A Killer's Mind (Zoe Bentley Mystery #1)(98)
“We just want to talk to them,” Tatum said again.
“Well, I always knew they’d get in trouble. You don’t get to grow up like Bertha’s kids did and turn out fine.” The hag cackled as if this were the best joke she had ever told. Maybe it was.
The woman’s speech pattern—starting every sentence with the word well—was getting on Zoe’s nerves. “What do you mean? Was she abusive?”

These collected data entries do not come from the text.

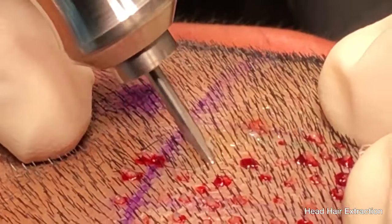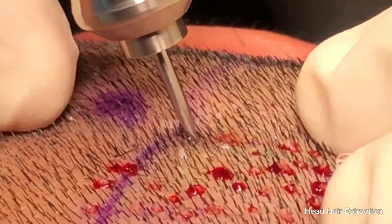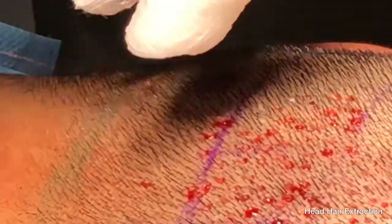Most of the grafts are already free when the swipe maneuver is performed after the Dr. U Graft intelligent punch scoring. In this case, at least half of the grafts obtained are already out.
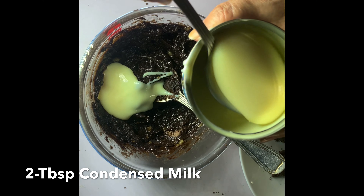I have greased a cake tin with oil and now I will pour the batter into it. I will bake it in the steamer for 10 minutes. Look, this is my steamer. Now I will bake it for 10 minutes.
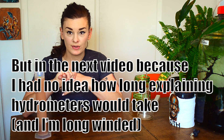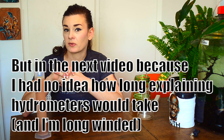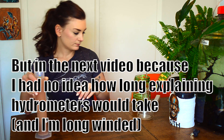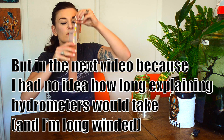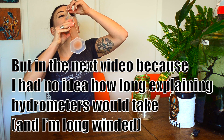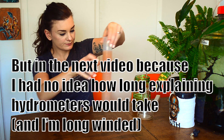Now that we've figured out how to use a hydrometer, I'm going to show you how to use a refractometer and how to calibrate a refractometer.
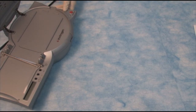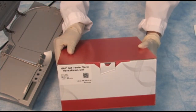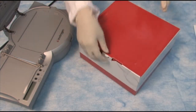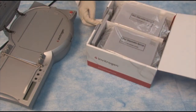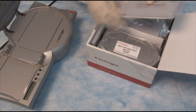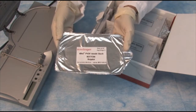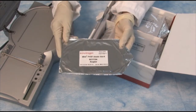Now let's take a look at the transfer stacks. You have a choice of either PVDF or nitrocellulose. Each box comes with enough stacks for 10 transfers and they come in two sizes — a mini size or the regular size, which is large enough to transfer two mini gels at the same time.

“Well, I don’t know what you call abusive, but she sure walloped her sons a lot. Her daughter even worse, I think. And she’d scream at them and throw things at them . . . and that was when she was sober. She got real nasty when she was drunk.”
“Ma’am,” Tatum said, “we really need to—”
“Nasty how?” Zoe asked. She felt as if this wrinkled, gnarled hag might hold all the answers. And she seemed to be happy to share.
“Well, she was damn crazy when she was drunk. Said she could hear the devil speaking to her, or sometimes it was her ex-husband. She sprayed one of her boys with hairspray once, tried to light him up with a match. It was out in the street too. I called the police.”
She said the word police strangely, pausing after saying po for a whole second, then half screaming lis. Zoe began to suspect Bertha wasn’t the only crazy person who had lived in the neighborhood.
“And, well, of course, there was the thing with her daughter. Surely you know about that.”
Her tone was gleeful, as if she knew they didn’t and was dying to tell them, but they had to ask.
“What about her daughter?” Zoe asked.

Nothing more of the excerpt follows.